Unfortunately, support for it in my favourite language, Haskell, appears to be somewhat lacking. There are people that would tell me that it's not needed, that there are other options, that it's bad for parallelism and bad for computer science in general. They say that without it, programs are easier to understand and reason about. Yet, it seems that every time I start to write a program I find myself wanting for it. It's called the store.
The mutable store, that is. I want for real destructive update in a real functional language. I wanted it for long enough that I decided I should take a PhD position and spend the next several years of my life trying to get it."
With great reluctance, I am over the last year starting to agree with your position on Haskell.
For many years I have had a lot of fun with Haskell, doing some NLP, and web stuff with Yesod and Scotty.
However, I am so much more production in a concise dynamic language like Ruby that I am re-evaluating my fondness for Haskell. Also, to a small degree, good IDEs like RubyMine catch some simple errors for you.
I, like Elben Shira, hope for radical new technologies that make me feel like I am developing in Ruby with the safety and speed of Haskell. I am looking forward to the future.
Well, Haskell does certainly have mutable storage. They just all live at the IO monad, because they are mutable...

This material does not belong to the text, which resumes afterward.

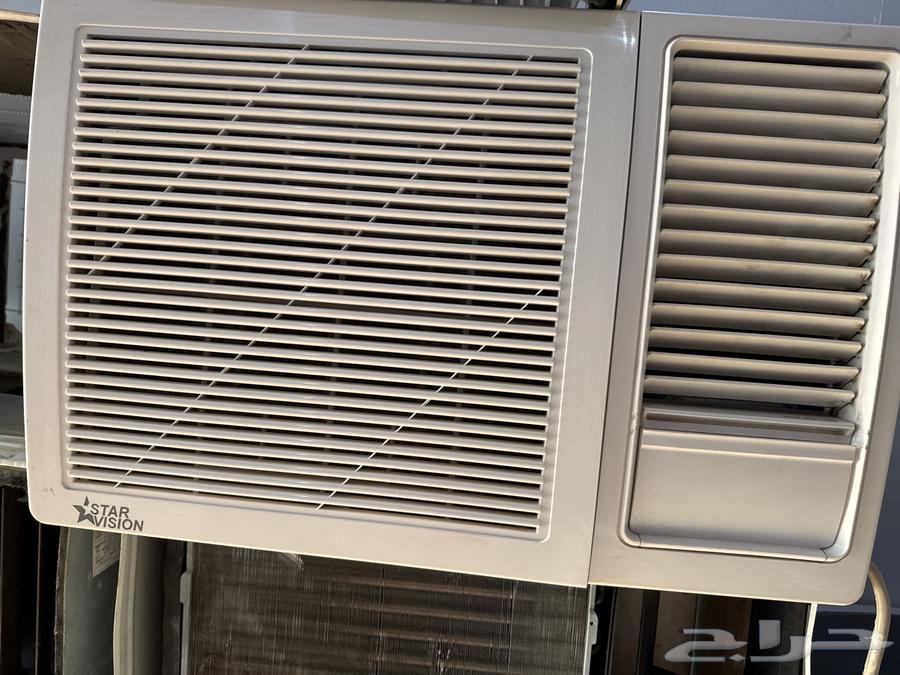 لدينا مكيفات شباك موفر للطاقة للبيع على ضمان شهر64531929912193112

Anyway, code that patches immutable data compiled by GHC behaves much like the plain mutable storage you'd write in C. It may not be always simpler to write (but for complex data, it normally is - and why are you writing so much simple data anyway? is it because of your language limitations?) but is checked by the compiler, what's a great bonus.

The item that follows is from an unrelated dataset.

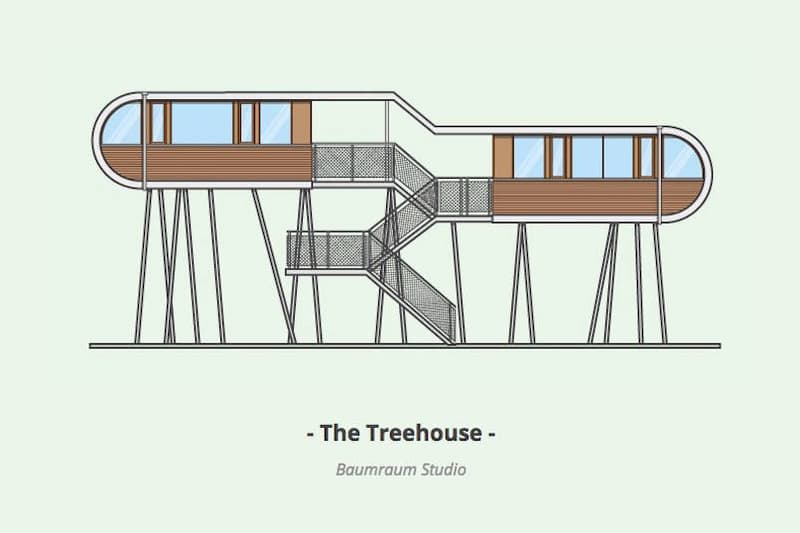 Grégory Buron's Minimal Architecture Series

Well, er, Haskell does have destructive update. You are misunderstanding Ben's point is somewhat. "We present a type based mutability, effect and data sharing analysis for reasoning about such programs [containing mutable data]".
How am I misunderstanding? I am quoting exact words, after all. Re IORef and STRef, let's quote some more:
"Representing effects in value types is a double edged sword (p. 42). Haskell has fractured into monadic and non-monadic sub-languages (p. 44). Monad transformers produce a layered structure (p. 45)." These are section titles, be sure to read the entire sections which explain in details what the title means.

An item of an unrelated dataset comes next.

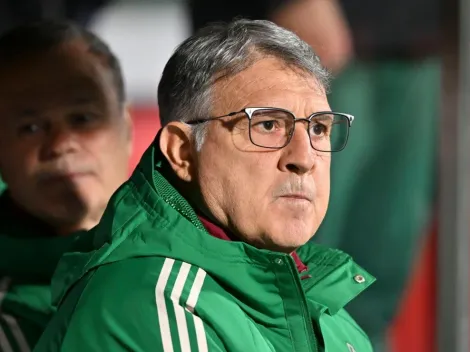 Gerardo Martino habló sobre la eliminación del Tri en Qatar 2022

I can't work out why you're being downvoted. Kneejerk reaction for anything that is critical of Haskell maybe? Unfortunately that does seem to be very common on HN.
Ben Lippmeier makes a very good point and is being quoted in full here. Haskell does have issues, and people are trying to fix those issues. If they can be resolved isn't known yet, and the resulting language may be different from Haskell. Haskell is a long way from some pinnacle of perfection, and it is very much not a silver bullet to solving problems. Not that anything in computer software is a silver bullet [1].
"I am thinking of a data structure for managing collections of objects. It provides O(1) insert and update operations. It has native hardware support on all modern platforms. It has a long history of use. It's proven, and it's lightning fast.
Unfortunately, support for it in my favourite language, Haskell, appears to be somewhat lacking. There are people that would tell me that it's not needed, that there are other options, that it's bad for parallelism and bad for computer science in general. They say that without it, programs are easier to understand and reason about. Yet, it seems that every time I start to write a program I find myself wanting for it. It's called the store.
The mutable store, that is. I want for real destructive update in a real functional language. I wanted it for long enough that I decided I should take a PhD position and spend the next several years of my life trying to get it."
http://benl.ouroborus.net/papers/thesis/lippmeier-impure-wor...
While I admire him, I think the better solution is to give up Haskell.